**What the task asks**:
Exclude the images and transcribe the entries below precisely.

Stored items from a collection
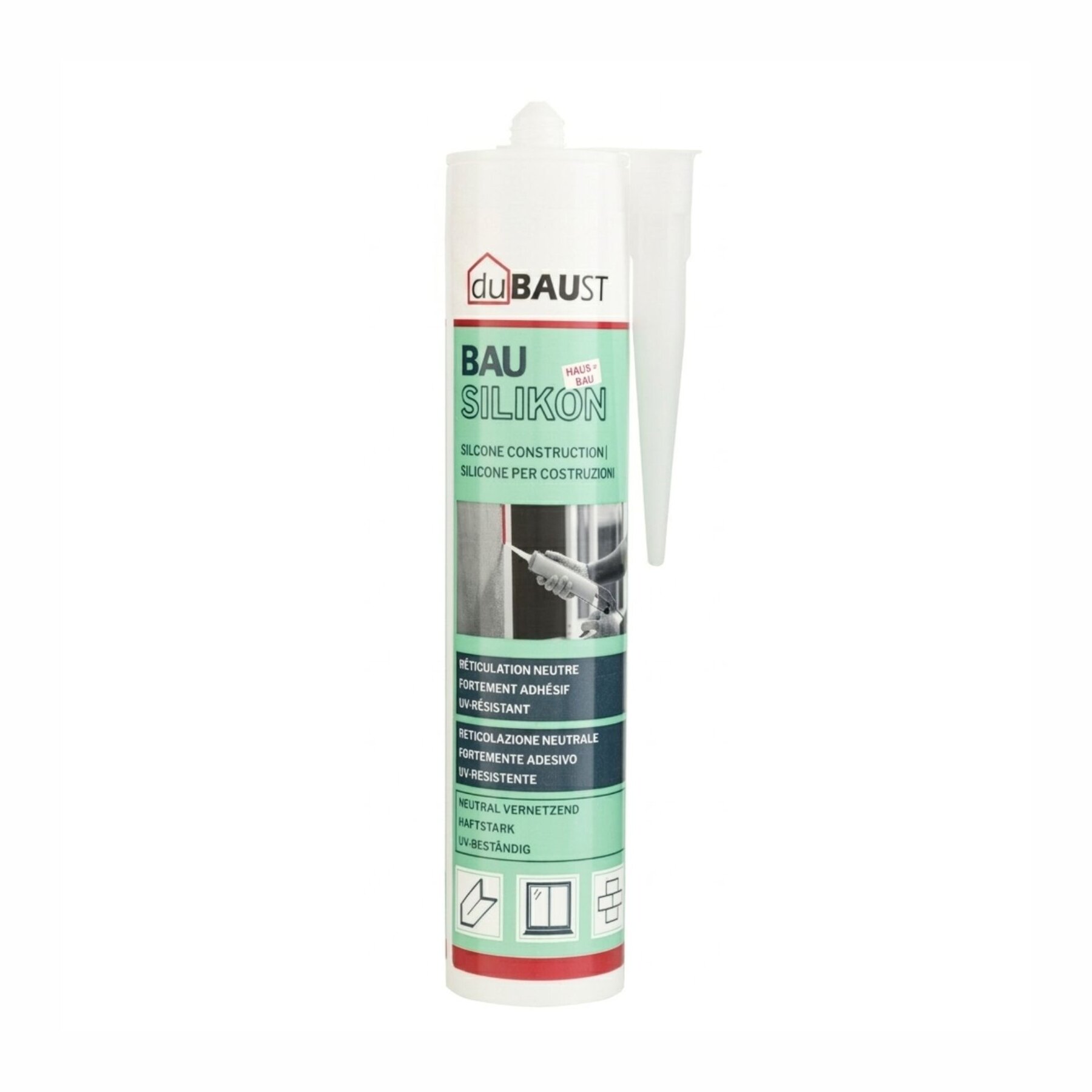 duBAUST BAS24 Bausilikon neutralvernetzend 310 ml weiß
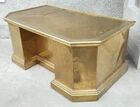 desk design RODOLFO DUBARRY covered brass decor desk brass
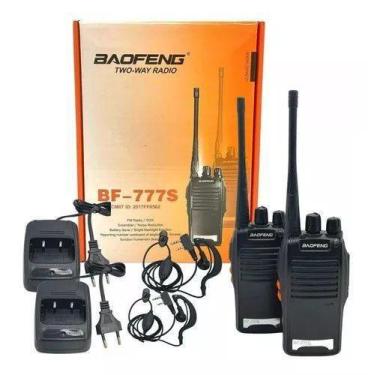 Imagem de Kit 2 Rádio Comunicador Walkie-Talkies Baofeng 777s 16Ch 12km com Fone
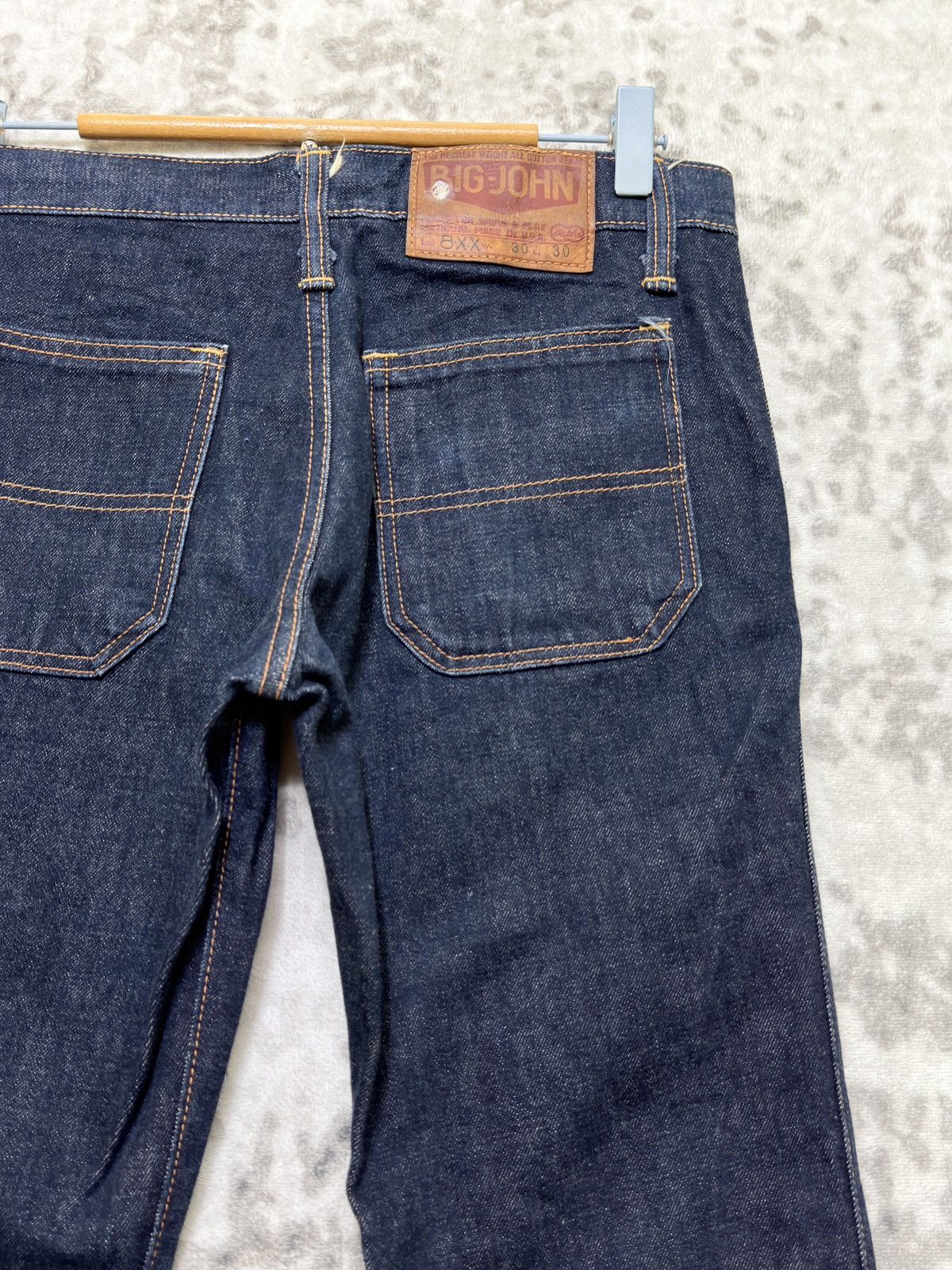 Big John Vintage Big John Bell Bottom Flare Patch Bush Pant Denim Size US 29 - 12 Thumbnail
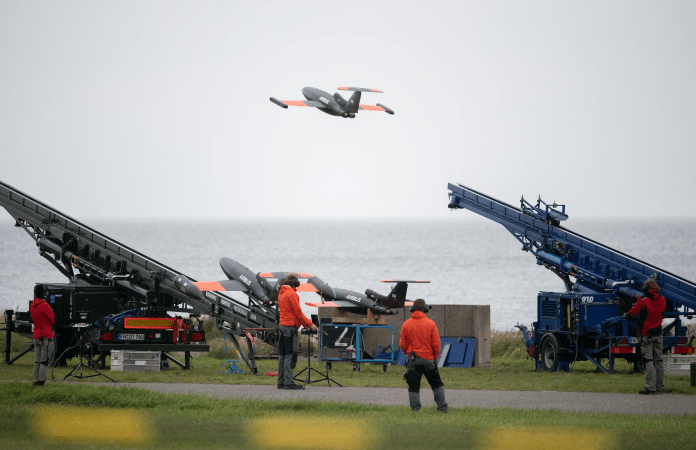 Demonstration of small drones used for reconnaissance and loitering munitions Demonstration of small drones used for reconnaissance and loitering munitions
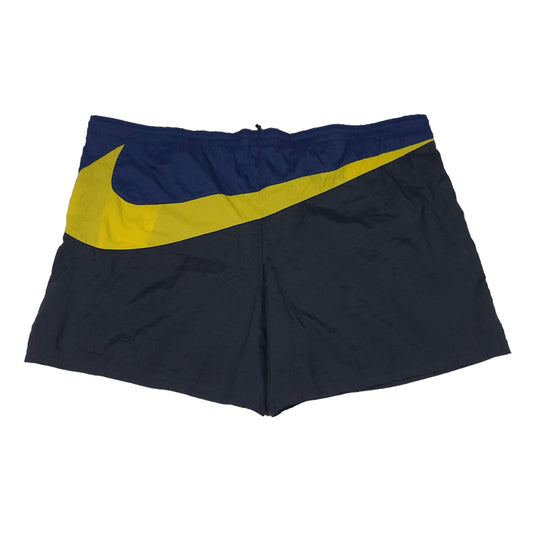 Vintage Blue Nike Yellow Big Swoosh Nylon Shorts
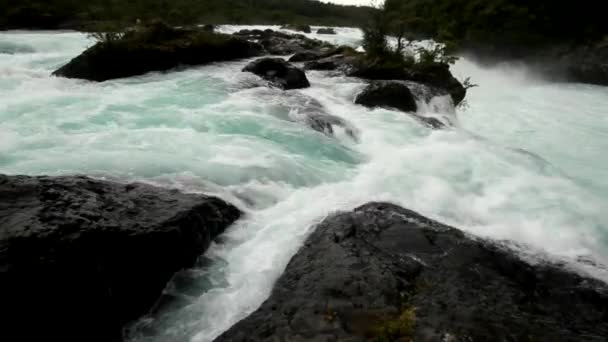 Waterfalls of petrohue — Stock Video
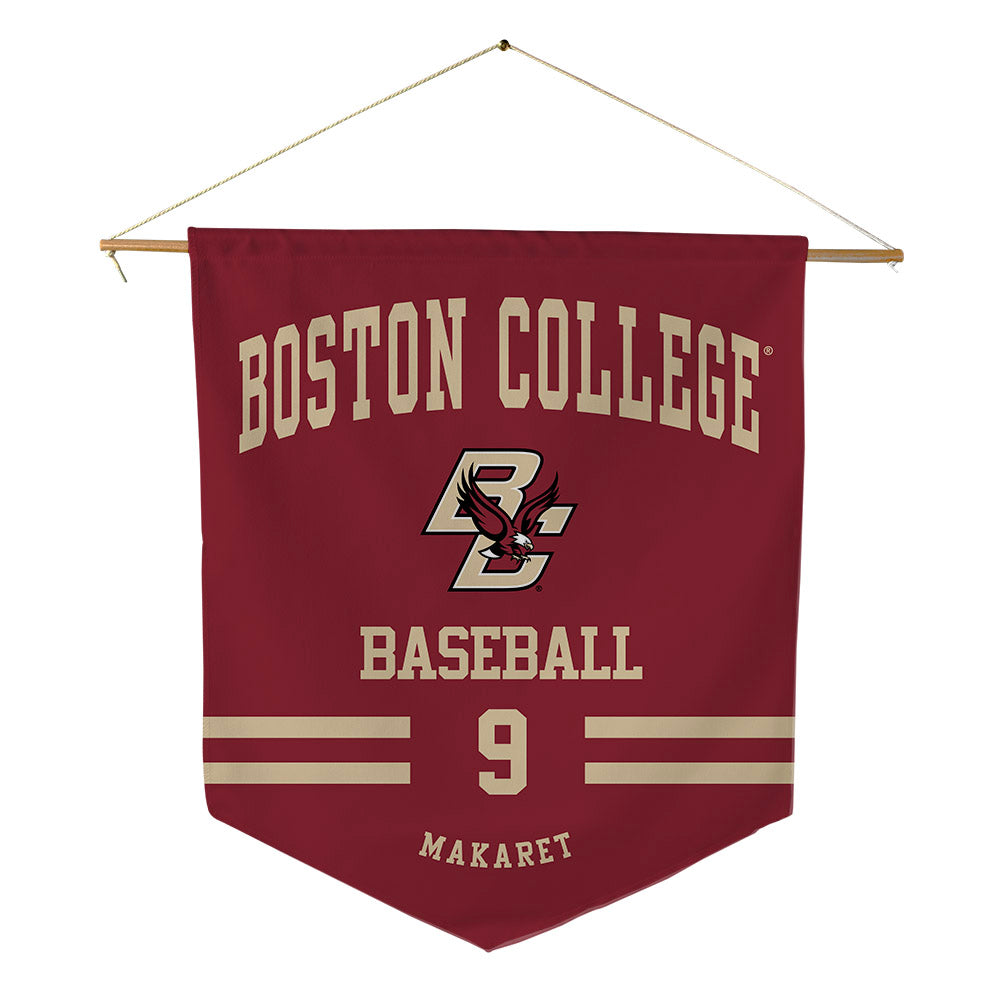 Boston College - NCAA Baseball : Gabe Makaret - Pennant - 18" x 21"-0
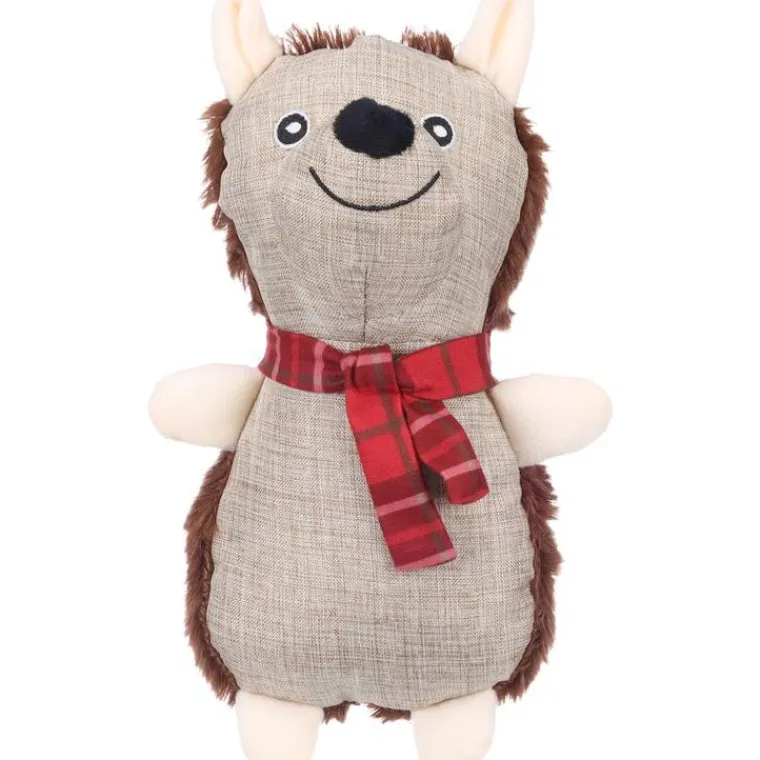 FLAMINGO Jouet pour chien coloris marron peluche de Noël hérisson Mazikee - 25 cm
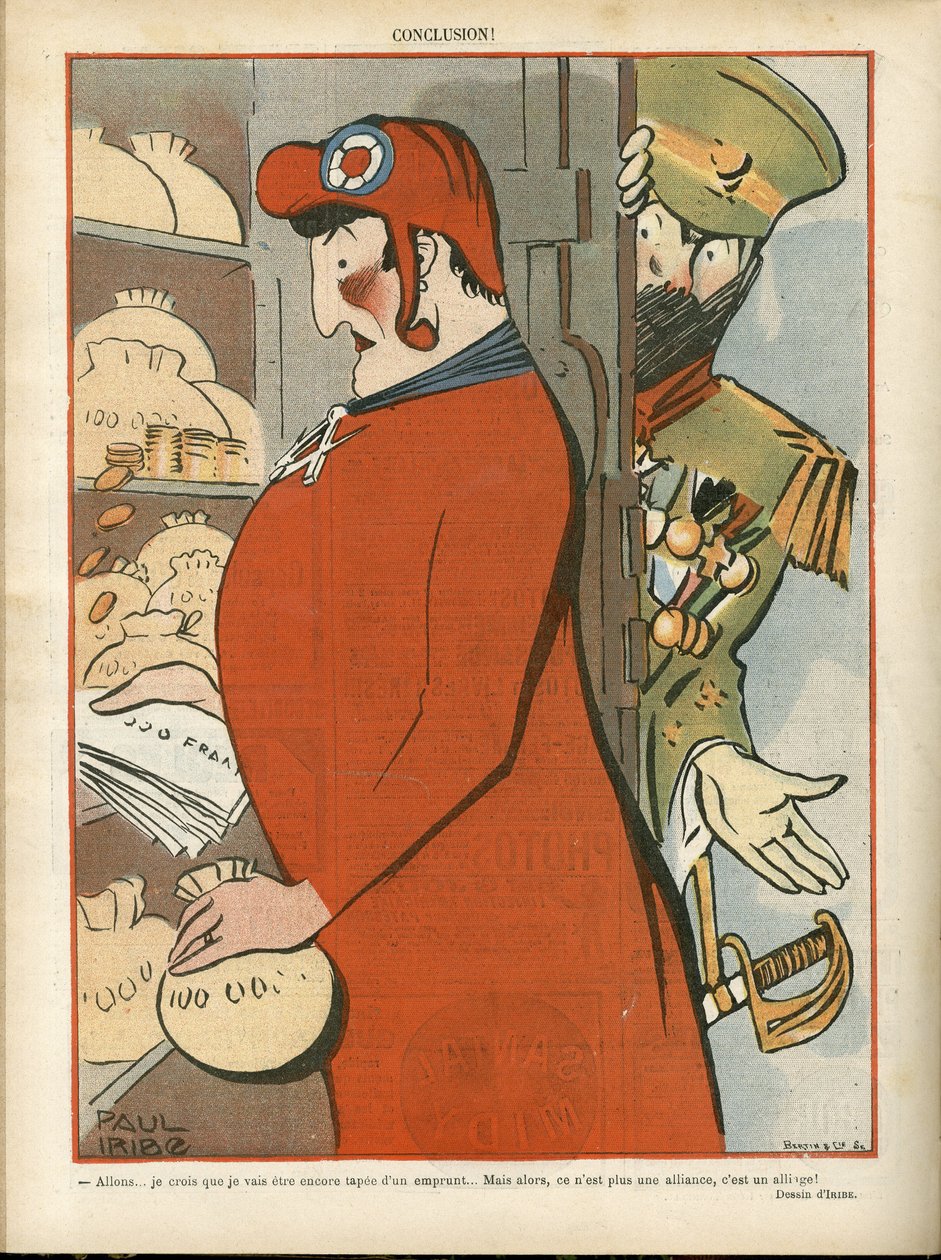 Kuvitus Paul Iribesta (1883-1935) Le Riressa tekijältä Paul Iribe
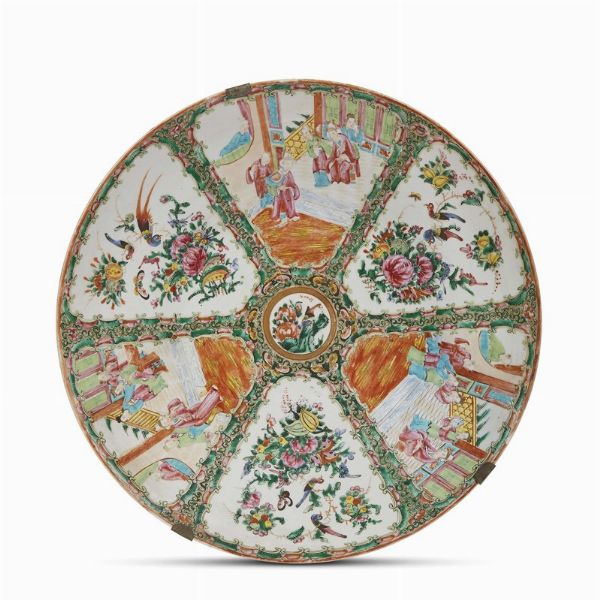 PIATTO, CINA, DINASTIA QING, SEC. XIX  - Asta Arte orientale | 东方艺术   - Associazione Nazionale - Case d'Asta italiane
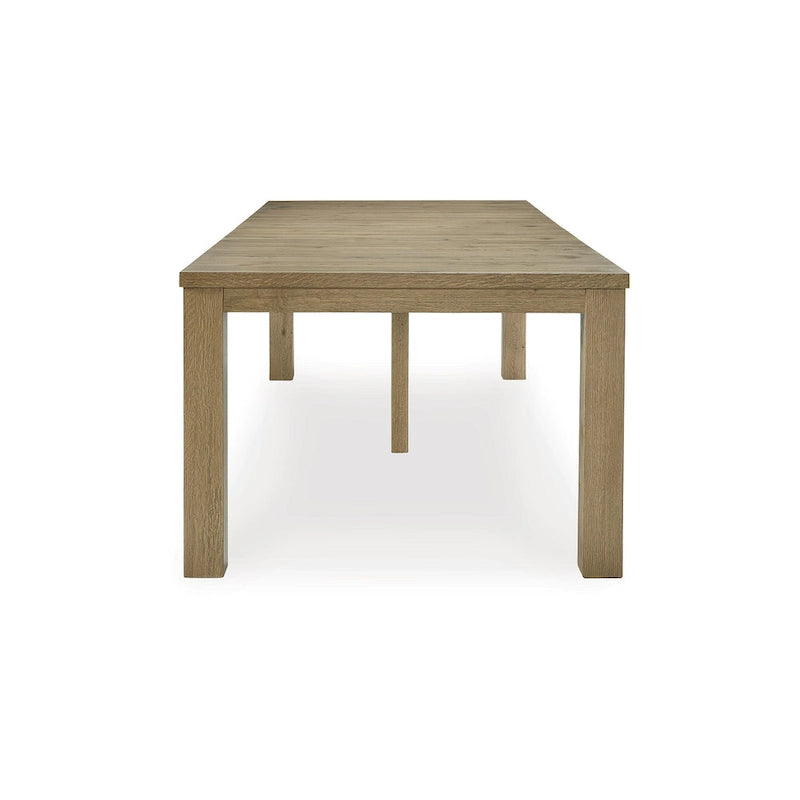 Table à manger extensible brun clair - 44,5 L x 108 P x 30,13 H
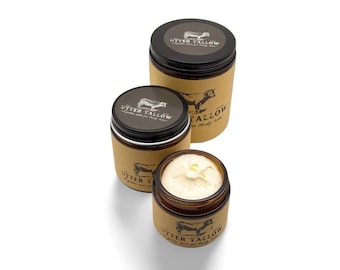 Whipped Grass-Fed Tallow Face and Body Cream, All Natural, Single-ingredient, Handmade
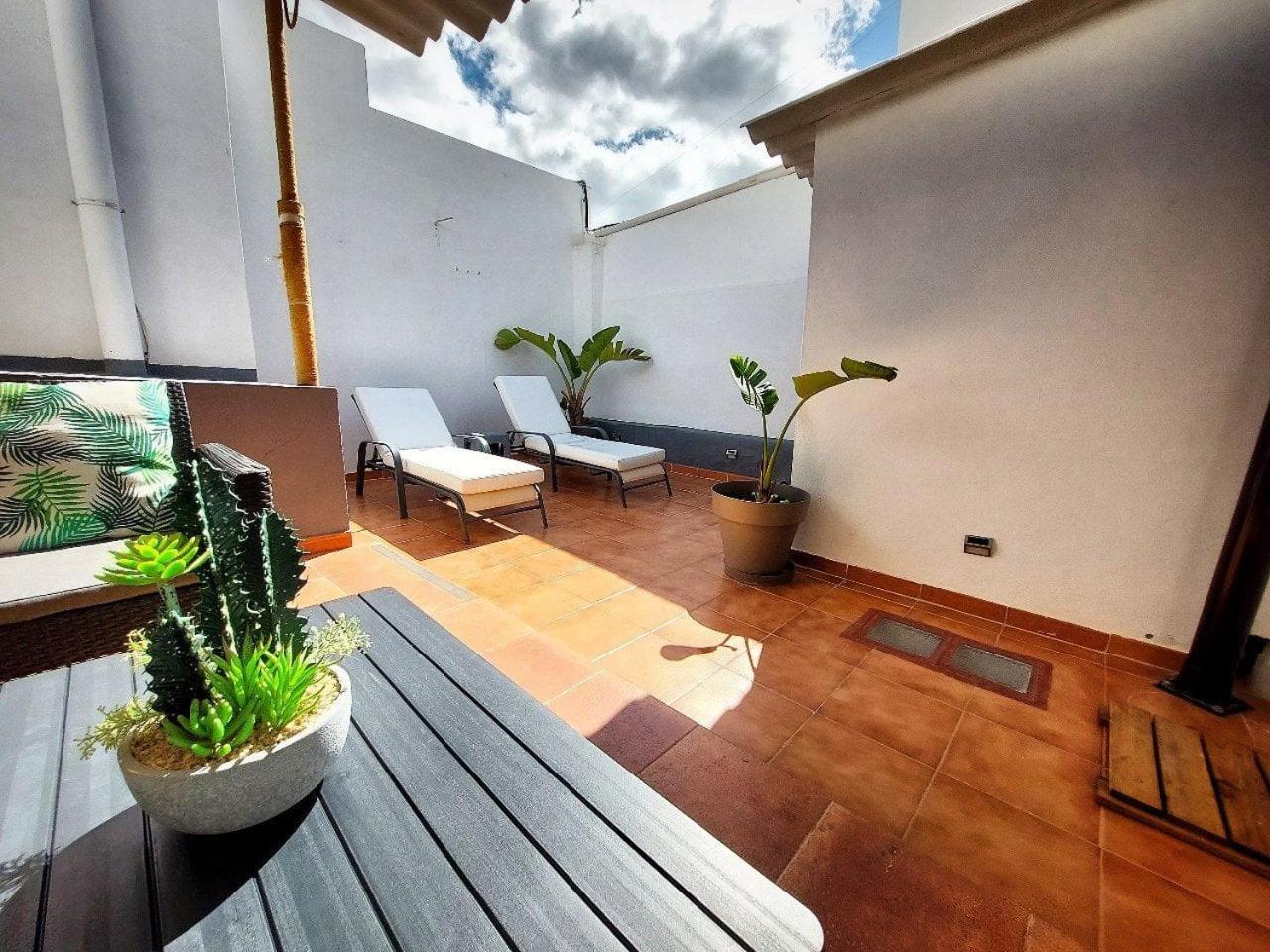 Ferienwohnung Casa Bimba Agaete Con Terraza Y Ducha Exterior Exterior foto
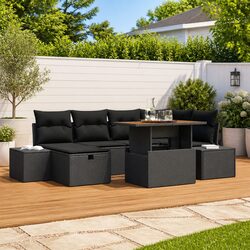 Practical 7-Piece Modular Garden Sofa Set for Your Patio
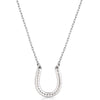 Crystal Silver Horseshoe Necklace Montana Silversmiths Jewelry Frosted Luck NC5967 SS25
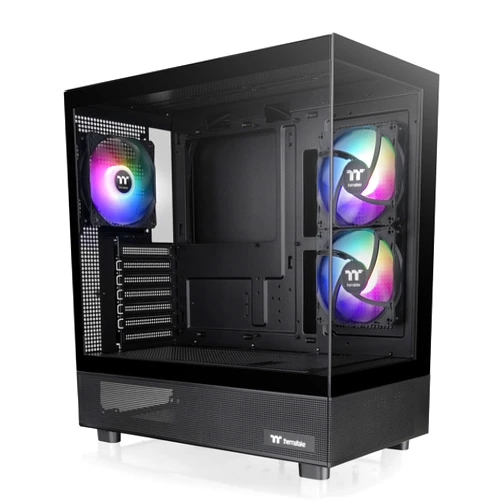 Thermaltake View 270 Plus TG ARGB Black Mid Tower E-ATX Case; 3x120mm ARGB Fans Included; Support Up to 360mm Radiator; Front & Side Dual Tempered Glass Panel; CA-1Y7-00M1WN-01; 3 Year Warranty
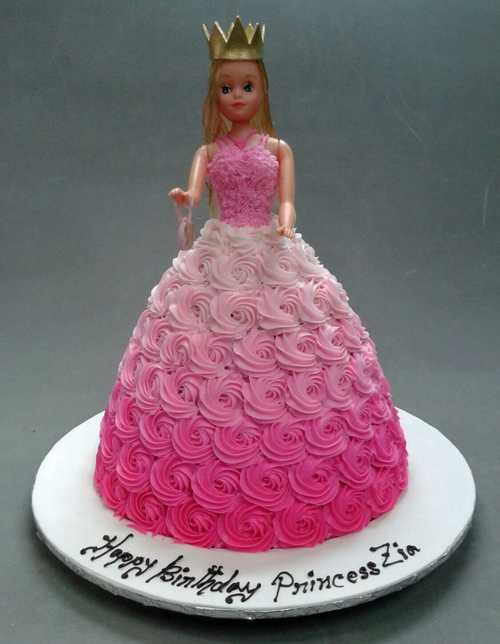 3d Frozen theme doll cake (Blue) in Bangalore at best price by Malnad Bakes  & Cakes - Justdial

**Expected output**:
 duBAUST BAS24 Bausilikon neutralvernetzend 310 ml weiß
 desk design RODOLFO DUBARRY covered brass decor desk brass
 Imagem de Kit 2 Rádio Comunicador Walkie-Talkies Baofeng 777s 16Ch 12km com Fone
 Big John Vintage Big John Bell Bottom Flare Patch Bush Pant Denim Size US 29 - 12 Thumbnail
 Demonstration of small drones used for reconnaissance and loitering munitions Demonstration of small drones used for reconnaissance and loitering munitions
 Vintage Blue Nike Yellow Big Swoosh Nylon Shorts
 Waterfalls of petrohue — Stock Video
 Boston College - NCAA Baseball : Gabe Makaret - Pennant - 18" x 21"-0
 FLAMINGO Jouet pour chien coloris marron peluche de Noël hérisson Mazikee - 25 cm
 Kuvitus Paul Iribesta (1883-1935) Le Riressa tekijältä Paul Iribe
 PIATTO, CINA, DINASTIA QING, SEC. XIX  - Asta Arte orientale | 东方艺术   - Associazione Nazionale - Case d'Asta italiane
 Table à manger extensible brun clair - 44,5 L x 108 P x 30,13 H
 Whipped Grass-Fed Tallow Face and Body Cream, All Natural, Single-ingredient, Handmade
 Ferienwohnung Casa Bimba Agaete Con Terraza Y Ducha Exterior Exterior foto
 Practical 7-Piece Modular Garden Sofa Set for Your Patio
 Crystal Silver Horseshoe Necklace Montana Silversmiths Jewelry Frosted Luck NC5967 SS25
 Thermaltake View 270 Plus TG ARGB Black Mid Tower E-ATX Case; 3x120mm ARGB Fans Included; Support Up to 360mm Radiator; Front & Side Dual Tempered Glass Panel; CA-1Y7-00M1WN-01; 3 Year Warranty
 3d Frozen theme doll cake (Blue) in Bangalore at best price by Malnad Bakes  & Cakes - Justdial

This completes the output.